Q 1. The 3rd and 4th term of geometric progressions are 12 and 8 respectively find sum of infinity of the progression?

Q  2. in how many ways can a team of 6 candidates can be formed out of a total 10 candidates such that 2 particular candidates should  be included in each  department?

plz give the solution plzzzzzzzzz Views: 742

Replies to This Discussion

I also needy

que 1solution

3rd term=12
4th term=8
Nth term=ar^n-1
12=ar^2..i
8=ar^3..ii
divide through to eliminate a
3/2=r^-1
Solving i have
r=2/3
⇒12=ar^2..from i
12=a*4/3
a=27

a=27
r=2/3
S∞=a/(1-r)
=81

students u can try it by your own....

And the second q
this may be helpful for u......am not sure that that,s correct solution..
que 2:
We have 6 slots to fill. Let's call them Slot A, Slot B, Slot C, Slot D, Slot E, Slot F.
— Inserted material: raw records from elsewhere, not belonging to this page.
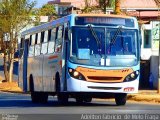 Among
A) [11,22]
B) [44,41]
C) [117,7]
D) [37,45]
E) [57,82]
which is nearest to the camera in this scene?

The first two slots (A and B) are reserved for these two particular candidates who must be on the team.
So we go from 6 slots to 4 slots (6-2=4).

The pool of 10 candidates reduces to 8 candidates (10-2 = 8).

So we have 4 slots (C,D,E,F) and a pool of 8 people to choose from.

Slot C has 8 choices.
Slot D has 7 choices.
Slot E has 6 choices.
Slot F has 5 choices.

There are 8*7*6*5 = 1680 ways to fill those four slots (given a pool of 8 people to choose from).
This result would be the answer if order mattered, but it doesn't.

In this case order does NOT matter because a team like {x,y,z,w} is the same as {w,z,y,x}. The letters represent the team members.
All we care about is the overall team and not the order of any members on any given team. Each team member is equal.
Turns out that there are 4! = 4*3*2*1 = 24 different ways to arrange any one team of 4 people.
Since order doesn't matter, we divide the previous result by 24 to get 1680/24 = 70
This means that there are 70 different teams of 4 people (drawn from a pool of 8).

Side Note: we can use the combination formula to get the same result
C(n,r) = (n!)/(r!(n-r)!)
C(8,4) = (8!)/(4!*(8-4)!)
C(8,4) = (8!)/(4!*4!)
C(8,4) = (8*7*6*5*4!)/(4!*4!)
C(8,4) = (8*7*6*5)/(4!)
C(8,4) = (8*7*6*5)/(4*3*2*1)
C(8,4) = (1680)/(24)
C(8,4) = 70

Now let's incorporate the two reserved individuals in slots A and B.
We have 2 people filling 2 slots giving 1 way to do this.
Again the order doesn't matter.

So there are 1*70 = 70 different ways to fill all 6 slots according to the conditions provided.